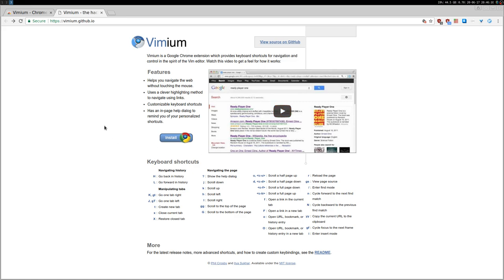And actually I already did a video on a Qt browser, which is a Vim-like browser. But this basically adds these Vim-like key bindings to Chromium. So if you like Qt browser, you can also have a very similar behavior by using Chromium or Chrome.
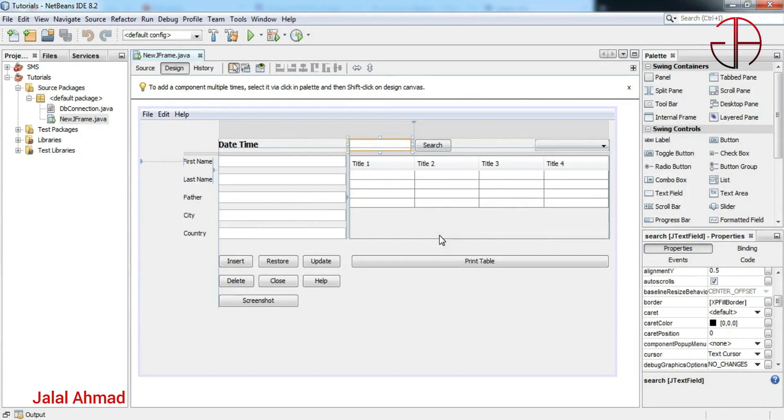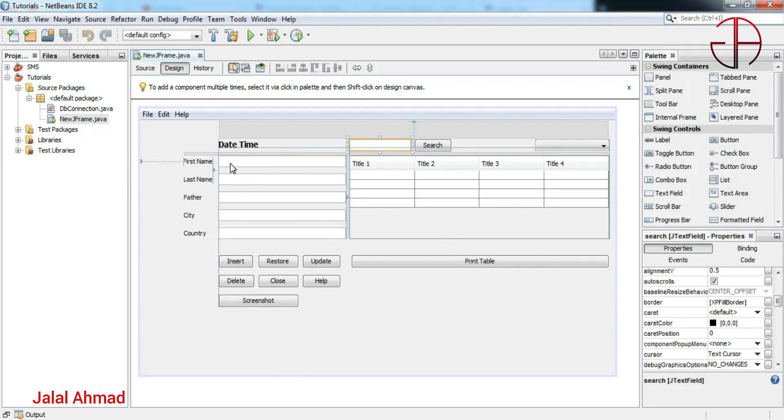Bismillahirrahmanirrahim. My name is Jalal Ahmad and in this tutorial we are going to learn about the tooltip text to be used in Java. So without wasting our time, let's get started. Let's suppose we want to give tooltip text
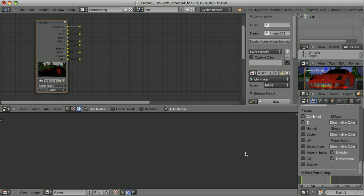If we want to create our image by combining the render passes together, there are certain rules that apply no matter what render engine we use. We always take the color of the material and multiply it by the sum of the light sources that influence this color. Then we add all of those elements together and we get our final image.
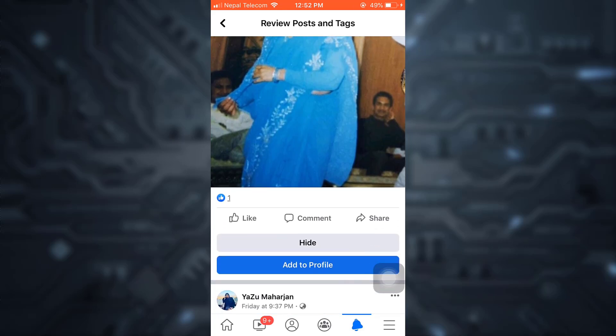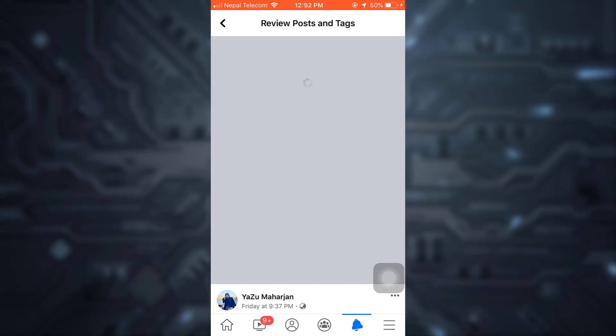After you tap on your post, you will be able to see if you'd like to hide or add the post to your profile. If you hide the post, your friends will not be able to see it. But if you add it to your profile, you will have approved the tagged post and it will be viewed on your profile. I'm just going to add to profile.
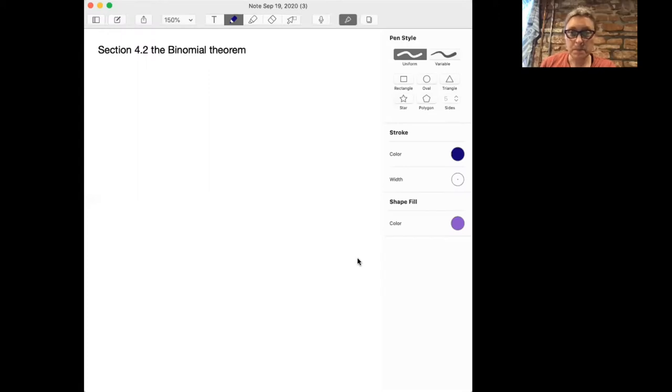Hi everyone and welcome back to Math 301. Today we're talking about the binomial theorem in section 4.2. This is one of the oldest theorems in mathematics — maybe the oldest theorem — and it was discovered by Persian mathematician Al-Karaji in the 10th century. Al-Karaji was also credited with discovering the process of induction, which we'll be talking about in chapter 5.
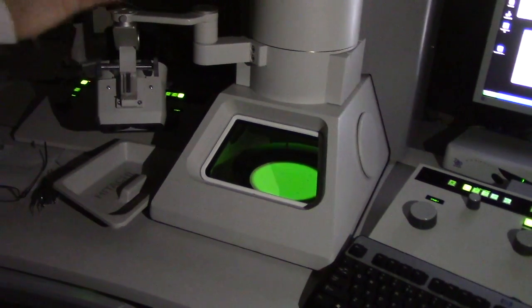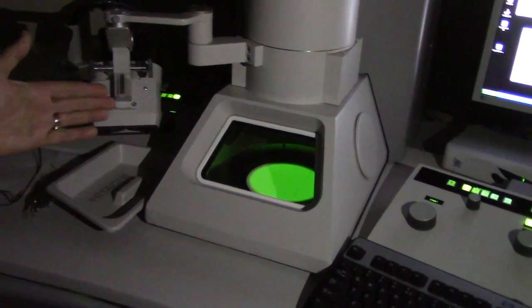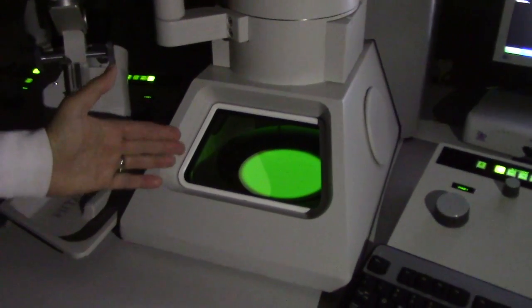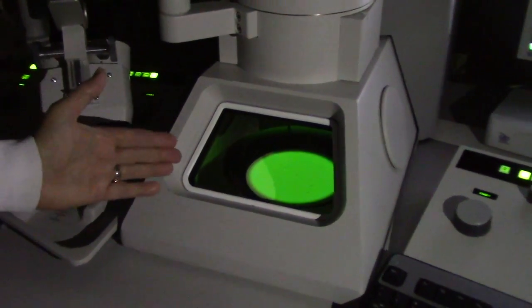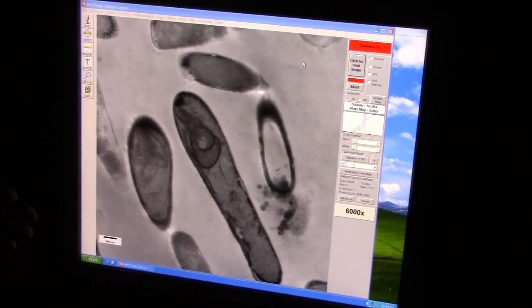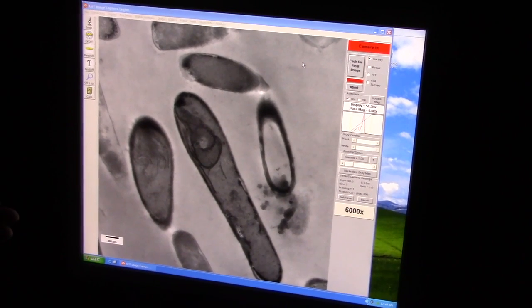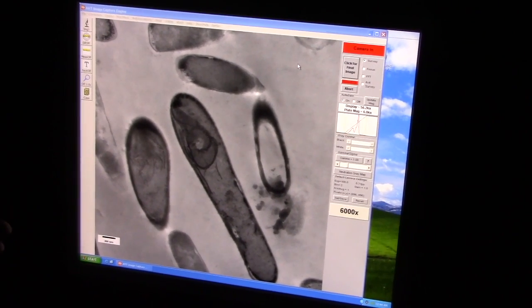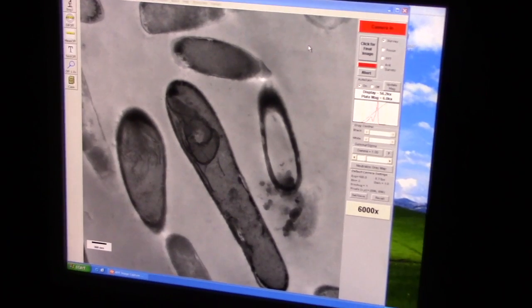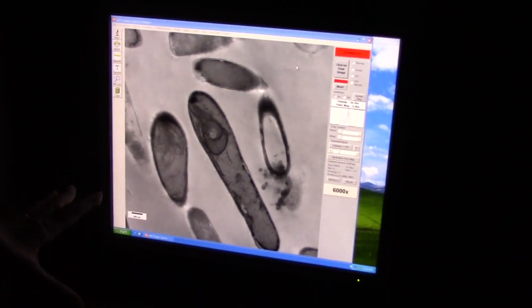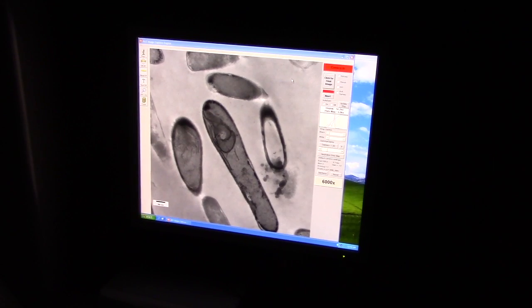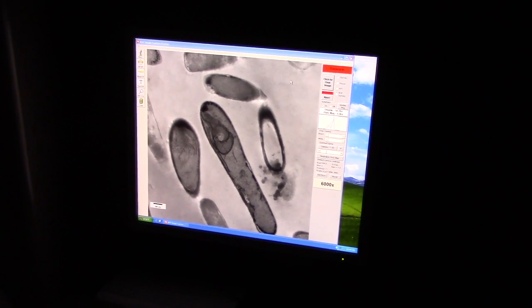I've turned on the scope and started the electrons flowing. You can see the result down here — here's the beam, and here is the image of those spores. Those spores that came to us in that little vial and went through all our processes — we can now image and actually see them on the screen and save those images.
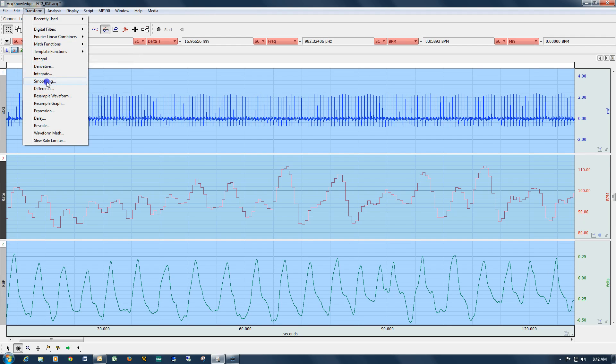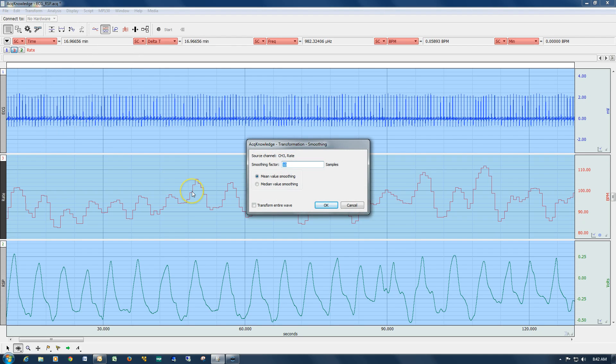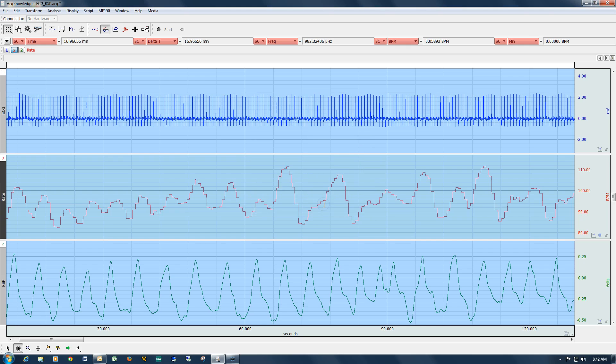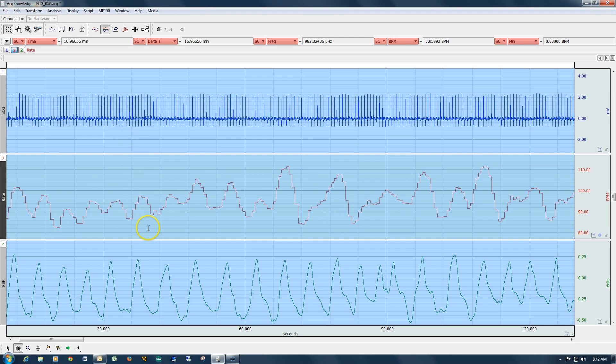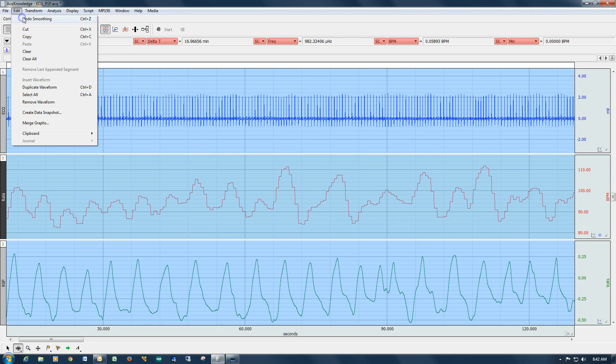But if we just increase this up now, let's take a look at 100 samples for example. You can see we've just started to take some of these edges away. We're starting to smooth it, but clearly 100 isn't enough.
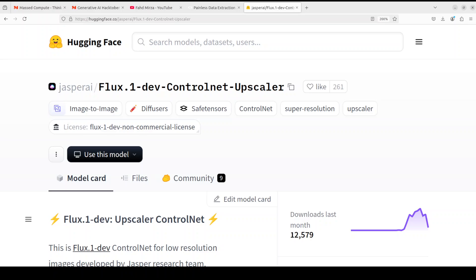Hi everyone and welcome to the channel. In this video I am going to show you a fabulous model which you can use to upscale images locally. This model is a ControlNet model which uses the supreme quality of Flux.1 dev model to upscale any image online or locally from your hard disk. It's all private, it's all local, and you can use it in a very easy way.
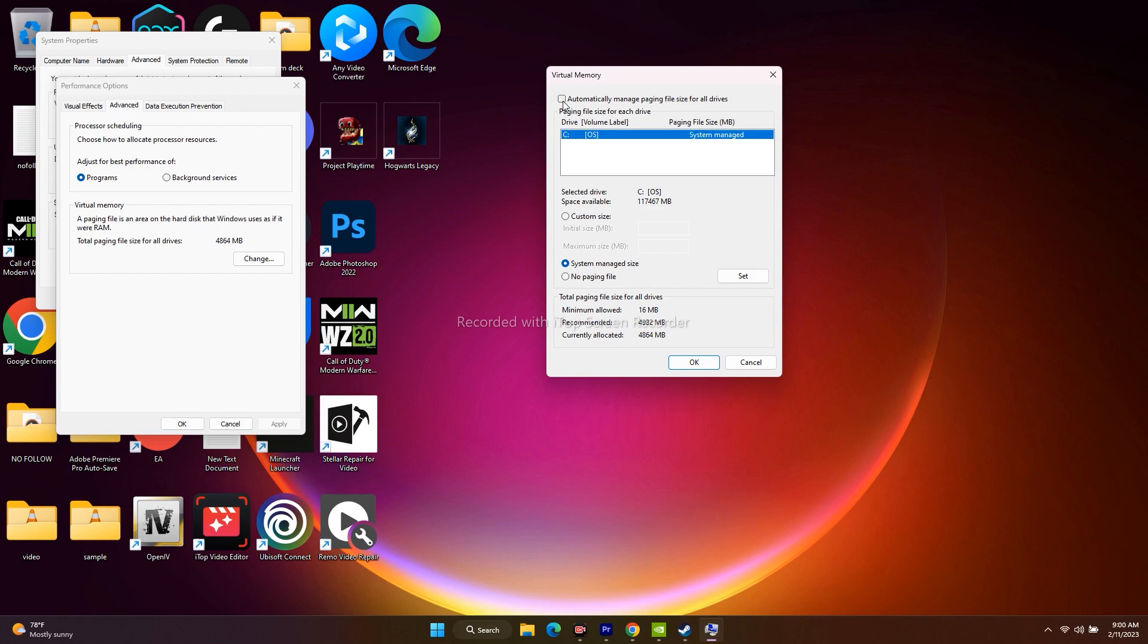Make sure if you check this you will not be able to select the local disc, so you have to make sure this is unchecked. Select the respective local disc where the game is installed and after that click on custom size.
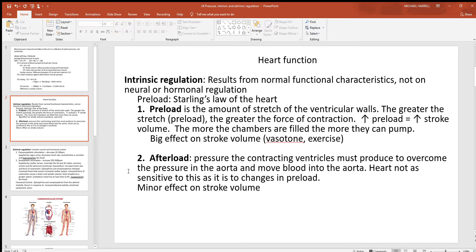Let's look at intrinsic factors affecting heart function. The first is preload — the amount to which the ventricle walls are being stretched by filling with blood. As you stretch the ventricle walls more, meaning you fill them with more blood, stroke volume goes up. Starling's Law simply states that as preload increases, stroke volume increases, and the opposite applies as well.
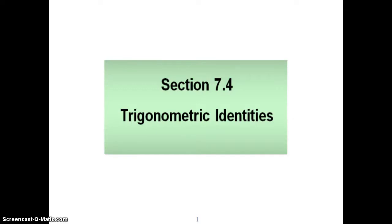This video is going to help you with section 7.4. We're going to start digging more into the trig identities, working more with manipulating them to prove the identities and also to simplify trigonometric expressions.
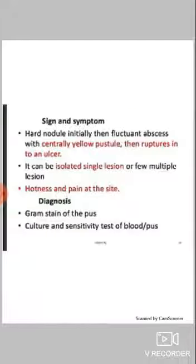This is an example of furunculosis on the back of the neck. Signs and symptoms: it is initially a hard nodule, then becomes a fluctuant abscess with a centrally yellow pustule, which then ruptures into an ulcer. It can be an isolated single lesion or multiple lesions. Hotness and pain at the site are the most common symptoms.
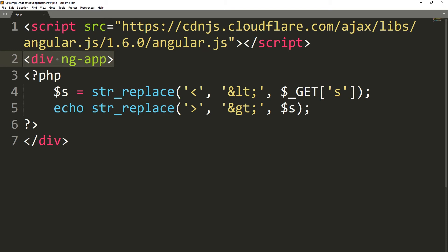So if your site uses Angular, the rules of protection against XSS attacks change. Here, like in the case of server site template injection attacks, you can use special commands, enclosed between double brackets.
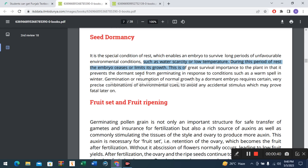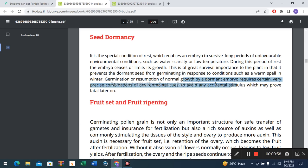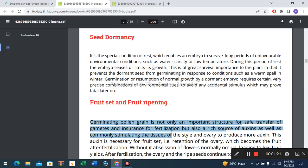During this period of rest, dormancy prevents the dormant seed from germinating in response to conditions such as a warm spell in winter. Germination or resumption of normal growth by a dormant embryo requires certain very precise combinations of environmental cues, to avoid any accidental stimulus which may prove fatal later on.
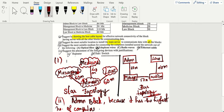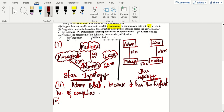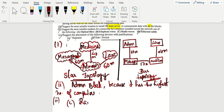Third query: suggest the most suitable medium for connecting the computers installed across the network, from the given options. Optical fibers are very expensive, so that's not the answer here. Telephone wires and ethernet cables are also not suitable. The answer is radio waves.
= = = =
* WHAT IS BEING ASKED:
Print the part of the listing above that opens with the line containing "Bismillahirrahmanirrahim. My name" and closes with the line containing "I've turned on". Copy it exactly, both ends included, and omit the pictures.

* REPLY TO THE EXERCISE:
Bismillahirrahmanirrahim. My name is Jalal Ahmad and in this tutorial we are going to learn about the tooltip text to be used in Java. So without wasting our time, let's get started. Let's suppose we want to give tooltip text
If we want to create our image by combining the render passes together, there are certain rules that apply no matter what render engine we use. We always take the color of the material and multiply it by the sum of the light sources that influence this color. Then we add all of those elements together and we get our final image.
After you tap on your post, you will be able to see if you'd like to hide or add the post to your profile. If you hide the post, your friends will not be able to see it. But if you add it to your profile, you will have approved the tagged post and it will be viewed on your profile. I'm just going to add to profile.
Hi everyone and welcome back to Math 301. Today we're talking about the binomial theorem in section 4.2. This is one of the oldest theorems in mathematics — maybe the oldest theorem — and it was discovered by Persian mathematician Al-Karaji in the 10th century. Al-Karaji was also credited with discovering the process of induction, which we'll be talking about in chapter 5.
I've turned on the scope and started the electrons flowing. You can see the result down here — here's the beam, and here is the image of those spores. Those spores that came to us in that little vial and went through all our processes — we can now image and actually see them on the screen and save those images.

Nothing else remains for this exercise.